Mistletoe and Tumbleweed
March 23, 2019
“I wonder what the green clumps of foliage are on the trees”, Lou asked as we walked along the dry Rio Grande River in early January. We got the answer to that question three months later on a ranger-led hike of Camp Robledo. On that hike we discovered that Camp Robledo is not and never was a camp at all. Rather, it is an ecological plot of land restored to the natural state it was in during a period of time when the Camino Real was the only pathway into the wilds—when Onate brought wagonloads full of Spanish settlers from Mexico into a new territory. Standing there looking over the endless prairie grass and native plants of the time, we thought......”Hmmm, this is what they saw for miles and miles as they traveled.....we could do that!” Realistically, could we? “No, not really”!
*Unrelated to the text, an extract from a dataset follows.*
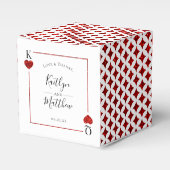 Die Mongram Playing Card Wedding Collection Geschenkschachtel (Vorderseite)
What Lou, Pat, Susan, and Bonnie learned from Alex Mares, our ranger, on the 4-hour hike:
Camp Robledo is the only ecological site in the Southwest which is in its native state and looks like it did when the settlers were driving through,
Salt cedar trees, decorative shrubs imported from overseas, have wreaked havoc to the natural habitat salinating the ground and choking out natural undergrowth,
The control of the Rio Grande has been a death knell to the many native poplar trees which relied on the flooding to restore nutrition,
Tumbleweed was imported from Russia as type of winter wheat to hold the soil along the Rio Grande from erosion; it multiplied and multiplied.
The clumps of green, of which Lou wondered, are a parasitic growth which will only grow on weak trees, and this parasite, the mistletoe, sucks the life out these trees. Mistletoe growing on a tree is a sign that it is dying.
So, you wouldn't think that mistletoe, a winter icon, and tumbleweed, a desert icon, would be together in New Mexico---but they are living side by side.